Muhammad Ali Idrus ini bersepupu dengan Musarafatul Izzati Al Fakhriy Puteri tunggal Abdullah Badiy Uz Zamani dari Yatsrib-Madinah-Arabia dari keturunan Baginda Sayidina Ali Bin Abithalib. Menjelang dewasa ayah Al Fakhriy atau di Buton dikenal dengan nama Wa Kaa Kaa sebagai Raja Buton Ke-I tahun 1311-1332 Masehi.
Timbul pertanyaan : mengapa Al Fakhriy dari Madinah dan Muhammad Ali Idrus dari Pasai sampai di Pulau Buton ?
Sejarahnya sebagai berikut :
Muhammad Ali Idrus yang kawin dengan Puteri Raja Pasai itu mendengar berita bahwa pamannya bernama Abdullah Badiy Uz Zamani di Yatsrib Madinah telah meninggal dunia sehingga ia berangkat ke Madinah untuk ziarah kubur sekalian akan membawa sepupunya Al Fakhriy. Sesampainya di Madinah, Muhammad Ali Idrus berziarah dan mendengar cerita bahwa sepupunya yang telah ditinggal ayahnya itu pernah dia dilamar oleh Putera Raja Persia bernama Baidul Hasan tetapi dia tidak mau. Lantas untuk menghindari lamaran berikutnya oleh Putera Raja Persia itu dia setuju untuk ikut ke Pasai bersama Muhammad Ali Idrus. Tetapi rupanya hal ini diketahui oleh Putera Raja Persia bahwa Al Fakhriy itu akan ikut sepupunya ke Pasai, sehingga dia dilamar lagi yang kedua kalinya, namun Al Fakhriy tetap menolak halus lamaran tersebut dengan alas an bahwa dia belum ada niat untuk berkeluarga. Waktu itu Muhammad Ali Idrus sedang ke Johor pergi mengawinkan anak tunggalnya bernama Sulaiman Syarif Ali. Di Johor Muhammad Ali Idrus bertemu dengan Panglima mongol bernama Khun Khan Ching yang ketika itu sedang diperintah oleh Kaisar Mongol yang bernama Khubilai Khan. (baik Kaisar Tiongkok dan Khun khan Ching disebut Cina islam dari Hoe-Hoe daerah tar-tar dengan gelar Dung Kung Sang Hiang dan di Buton dikenal dengan nama Dungku Cangia). Khun Khan Ching atau Dungku Cangia lari berlindung ke Johor karena telah kalah perang waktu dia diperintah oleh kaisarnya meyerang Kerajaan Mojopahit di Jawa Timur).

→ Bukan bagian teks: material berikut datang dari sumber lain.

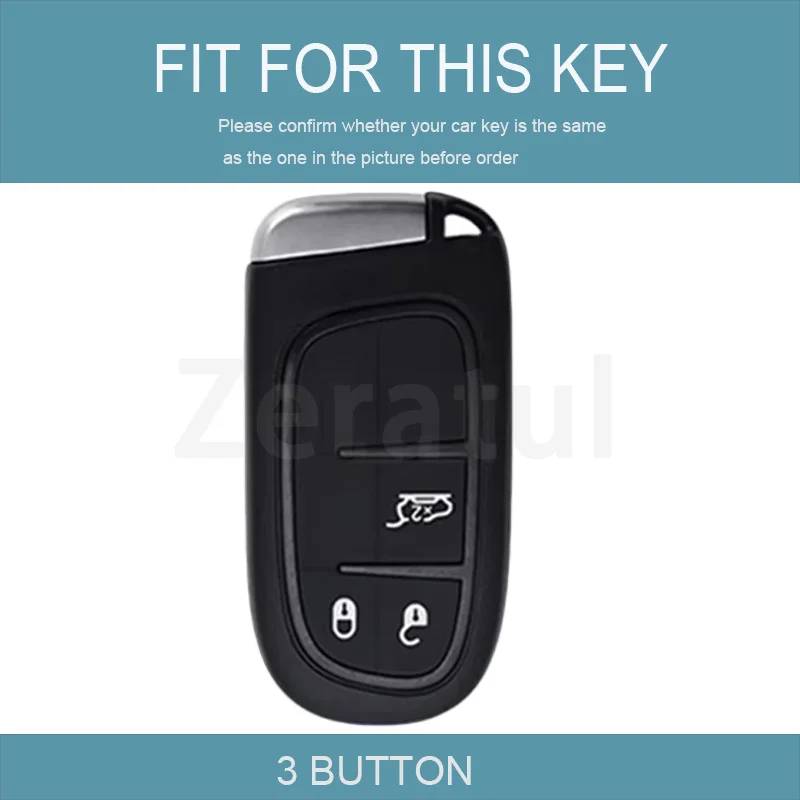 3 Buttons Car Key Case Cover Car Shell For Jeep Renegade Compass Grand Cherokee For Chrysler 300C Wrangler Dodge Accessaries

Dalam buku sejarah Wali Songo, diceritakan pasukan Tar-Tar dari Mongol itu menang waktu menyerang Kerajaan Singosari. Namun sekembalinya dari peperangan pasukan tersebut melewati Sungai Berantas lantas digempur habis-habisan oleh pasukan raden Wijaya pendiri Kerajaan Majapahit, sehingga pasukan Tar-tar tersebut lari kocar-kacir dan banyak yang meninggal dan Panglimanya bernama Khun Khan Ching menyelematkan diri lari ke Johor.
Muhammad Ali Idrus disamping bertemu dengan Khun Khan Ching di Johor, juga bertemu dengan seorang relawan bernama Sang Ria Rana, kemudian setelah acara pernikahan Puteranya di Johor selesai, kedua sahabatnya itu diajaknya ke Pasai dan merekapun setuju. Sesampainya di pasai sepupunya Muhammad Ali Idrus bernama Al Fakhriy menyampaikan bahwa ada utusan Raja Persia untuk melamarkan anaknya dengan dia tetapi Al Fakhriy menolaknya dengan halus dan kemudian Raja Persia itupun menjadi marah dan mengancam akan mengambil paksa Al Fakhriy ke Pasai. Akhirnya Al Fakhriy mengajak sepupunya Muhammad Ali idrus untuk keluar dari Pasai dan Muhammad Ali Idrus pun berunding dengan kedua sahabatnya itu dan sepakat akan keluar meninggalkan Pasai dengan mengendarai sebuah kapal yang bernama Magela Hein’s. Perjalananpun tak tentu arah menuju wilayah timur dan akhirnya terdampar di Pulau Buton tepatnya di Sorawolio.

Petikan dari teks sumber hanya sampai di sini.